• **DIRECTIONS FOR THIS TASK**: Below are several entries. Transcribe exactly those lines that fall from the one with "Icône fleur, nature" through the one with "働く人直立敬礼をする制服を着た婦人警官 警察官 お巡りさんのイラスト若者青年笑顔のイラスト素材", end lines included.

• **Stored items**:
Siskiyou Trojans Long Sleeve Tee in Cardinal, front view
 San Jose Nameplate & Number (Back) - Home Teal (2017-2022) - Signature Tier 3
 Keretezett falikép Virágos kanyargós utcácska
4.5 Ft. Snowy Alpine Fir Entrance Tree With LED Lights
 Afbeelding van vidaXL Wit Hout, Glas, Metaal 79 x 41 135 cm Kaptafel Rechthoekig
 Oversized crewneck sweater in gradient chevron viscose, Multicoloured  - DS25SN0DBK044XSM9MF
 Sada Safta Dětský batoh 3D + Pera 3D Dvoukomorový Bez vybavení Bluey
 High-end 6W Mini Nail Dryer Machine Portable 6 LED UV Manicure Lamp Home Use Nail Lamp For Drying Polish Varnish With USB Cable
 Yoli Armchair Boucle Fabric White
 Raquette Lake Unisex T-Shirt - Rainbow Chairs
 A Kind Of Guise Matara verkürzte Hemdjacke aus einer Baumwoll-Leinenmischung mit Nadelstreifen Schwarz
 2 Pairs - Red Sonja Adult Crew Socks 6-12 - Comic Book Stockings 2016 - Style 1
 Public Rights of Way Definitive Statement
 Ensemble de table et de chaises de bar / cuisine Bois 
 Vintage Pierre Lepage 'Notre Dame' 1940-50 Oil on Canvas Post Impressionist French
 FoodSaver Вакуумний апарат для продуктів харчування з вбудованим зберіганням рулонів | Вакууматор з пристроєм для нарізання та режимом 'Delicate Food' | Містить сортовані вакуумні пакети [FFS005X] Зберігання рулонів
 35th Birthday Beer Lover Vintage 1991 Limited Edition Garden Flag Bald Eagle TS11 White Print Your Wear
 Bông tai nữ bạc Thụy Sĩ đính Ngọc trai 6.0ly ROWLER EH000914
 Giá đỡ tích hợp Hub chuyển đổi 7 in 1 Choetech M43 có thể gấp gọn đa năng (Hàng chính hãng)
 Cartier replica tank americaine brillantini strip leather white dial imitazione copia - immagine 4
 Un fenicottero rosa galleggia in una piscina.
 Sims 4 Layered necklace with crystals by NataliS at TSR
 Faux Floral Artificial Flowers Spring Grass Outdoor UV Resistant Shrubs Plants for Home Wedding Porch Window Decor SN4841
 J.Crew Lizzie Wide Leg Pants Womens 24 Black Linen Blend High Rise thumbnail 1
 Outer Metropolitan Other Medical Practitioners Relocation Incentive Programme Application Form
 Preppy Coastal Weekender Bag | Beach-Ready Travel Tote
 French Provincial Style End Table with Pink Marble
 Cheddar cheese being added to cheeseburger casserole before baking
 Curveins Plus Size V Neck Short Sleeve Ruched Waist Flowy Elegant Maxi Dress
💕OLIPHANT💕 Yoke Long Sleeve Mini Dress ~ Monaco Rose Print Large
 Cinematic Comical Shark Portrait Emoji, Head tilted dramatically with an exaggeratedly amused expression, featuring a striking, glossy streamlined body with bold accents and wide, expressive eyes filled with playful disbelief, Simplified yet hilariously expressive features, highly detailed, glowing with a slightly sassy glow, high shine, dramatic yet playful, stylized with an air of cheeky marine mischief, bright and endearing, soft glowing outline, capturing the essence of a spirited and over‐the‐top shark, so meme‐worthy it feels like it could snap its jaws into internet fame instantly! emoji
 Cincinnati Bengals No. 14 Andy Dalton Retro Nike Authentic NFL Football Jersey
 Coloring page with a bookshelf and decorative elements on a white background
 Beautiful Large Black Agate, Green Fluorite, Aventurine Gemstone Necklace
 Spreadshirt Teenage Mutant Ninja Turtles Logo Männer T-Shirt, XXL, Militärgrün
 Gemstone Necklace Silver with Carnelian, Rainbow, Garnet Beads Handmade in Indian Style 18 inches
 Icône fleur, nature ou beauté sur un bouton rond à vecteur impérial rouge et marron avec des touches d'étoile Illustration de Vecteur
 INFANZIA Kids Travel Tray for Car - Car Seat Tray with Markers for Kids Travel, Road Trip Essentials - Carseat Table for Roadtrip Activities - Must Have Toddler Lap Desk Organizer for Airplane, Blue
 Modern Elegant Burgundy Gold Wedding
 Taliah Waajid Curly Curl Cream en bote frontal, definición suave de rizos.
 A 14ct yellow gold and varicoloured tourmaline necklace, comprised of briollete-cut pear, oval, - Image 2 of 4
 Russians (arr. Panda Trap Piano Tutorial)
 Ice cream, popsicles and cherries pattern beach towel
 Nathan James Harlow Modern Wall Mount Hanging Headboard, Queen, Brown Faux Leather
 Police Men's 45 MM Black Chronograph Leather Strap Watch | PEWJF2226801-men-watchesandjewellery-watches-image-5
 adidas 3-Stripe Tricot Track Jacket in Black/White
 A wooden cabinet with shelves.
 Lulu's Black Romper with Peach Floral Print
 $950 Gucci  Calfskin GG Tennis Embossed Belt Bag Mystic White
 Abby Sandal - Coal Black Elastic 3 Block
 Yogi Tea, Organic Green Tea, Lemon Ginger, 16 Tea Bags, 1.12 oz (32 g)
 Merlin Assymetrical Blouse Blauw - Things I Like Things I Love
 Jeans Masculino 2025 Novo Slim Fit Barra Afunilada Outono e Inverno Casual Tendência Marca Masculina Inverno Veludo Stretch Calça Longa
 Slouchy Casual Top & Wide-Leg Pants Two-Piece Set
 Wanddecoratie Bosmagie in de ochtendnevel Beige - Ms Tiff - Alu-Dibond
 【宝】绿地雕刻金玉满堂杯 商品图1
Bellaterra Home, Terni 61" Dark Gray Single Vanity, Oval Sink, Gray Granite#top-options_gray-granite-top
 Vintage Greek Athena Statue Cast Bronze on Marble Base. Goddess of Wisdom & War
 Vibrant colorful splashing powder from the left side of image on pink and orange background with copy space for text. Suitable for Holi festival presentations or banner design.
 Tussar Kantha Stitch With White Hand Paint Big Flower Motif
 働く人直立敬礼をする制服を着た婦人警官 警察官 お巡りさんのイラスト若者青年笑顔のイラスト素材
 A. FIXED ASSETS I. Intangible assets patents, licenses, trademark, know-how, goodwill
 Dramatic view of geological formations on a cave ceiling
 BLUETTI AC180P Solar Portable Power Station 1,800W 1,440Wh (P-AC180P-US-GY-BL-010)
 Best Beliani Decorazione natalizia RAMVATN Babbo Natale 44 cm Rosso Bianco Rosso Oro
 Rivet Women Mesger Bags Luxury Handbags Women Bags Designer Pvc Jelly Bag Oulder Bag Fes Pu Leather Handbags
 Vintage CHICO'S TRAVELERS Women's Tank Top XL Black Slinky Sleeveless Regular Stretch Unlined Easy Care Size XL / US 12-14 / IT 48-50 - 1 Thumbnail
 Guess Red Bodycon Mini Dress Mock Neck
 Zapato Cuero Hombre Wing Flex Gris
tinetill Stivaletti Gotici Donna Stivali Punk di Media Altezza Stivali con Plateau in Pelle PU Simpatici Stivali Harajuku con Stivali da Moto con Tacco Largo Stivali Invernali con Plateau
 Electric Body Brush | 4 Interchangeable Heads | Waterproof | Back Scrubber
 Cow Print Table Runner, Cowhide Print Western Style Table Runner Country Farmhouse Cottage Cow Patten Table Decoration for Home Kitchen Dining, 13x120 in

• **EXERCISE OUTPUT**:
 Icône fleur, nature ou beauté sur un bouton rond à vecteur impérial rouge et marron avec des touches d'étoile Illustration de Vecteur
 INFANZIA Kids Travel Tray for Car - Car Seat Tray with Markers for Kids Travel, Road Trip Essentials - Carseat Table for Roadtrip Activities - Must Have Toddler Lap Desk Organizer for Airplane, Blue
 Modern Elegant Burgundy Gold Wedding
 Taliah Waajid Curly Curl Cream en bote frontal, definición suave de rizos.
 A 14ct yellow gold and varicoloured tourmaline necklace, comprised of briollete-cut pear, oval, - Image 2 of 4
 Russians (arr. Panda Trap Piano Tutorial)
 Ice cream, popsicles and cherries pattern beach towel
 Nathan James Harlow Modern Wall Mount Hanging Headboard, Queen, Brown Faux Leather
 Police Men's 45 MM Black Chronograph Leather Strap Watch | PEWJF2226801-men-watchesandjewellery-watches-image-5
 adidas 3-Stripe Tricot Track Jacket in Black/White
 A wooden cabinet with shelves.
 Lulu's Black Romper with Peach Floral Print
 $950 Gucci  Calfskin GG Tennis Embossed Belt Bag Mystic White
 Abby Sandal - Coal Black Elastic 3 Block
 Yogi Tea, Organic Green Tea, Lemon Ginger, 16 Tea Bags, 1.12 oz (32 g)
 Merlin Assymetrical Blouse Blauw - Things I Like Things I Love
 Jeans Masculino 2025 Novo Slim Fit Barra Afunilada Outono e Inverno Casual Tendência Marca Masculina Inverno Veludo Stretch Calça Longa
 Slouchy Casual Top & Wide-Leg Pants Two-Piece Set
 Wanddecoratie Bosmagie in de ochtendnevel Beige - Ms Tiff - Alu-Dibond
 【宝】绿地雕刻金玉满堂杯 商品图1
Bellaterra Home, Terni 61" Dark Gray Single Vanity, Oval Sink, Gray Granite#top-options_gray-granite-top
 Vintage Greek Athena Statue Cast Bronze on Marble Base. Goddess of Wisdom & War
 Vibrant colorful splashing powder from the left side of image on pink and orange background with copy space for text. Suitable for Holi festival presentations or banner design.
 Tussar Kantha Stitch With White Hand Paint Big Flower Motif
 働く人直立敬礼をする制服を着た婦人警官 警察官 お巡りさんのイラスト若者青年笑顔のイラスト素材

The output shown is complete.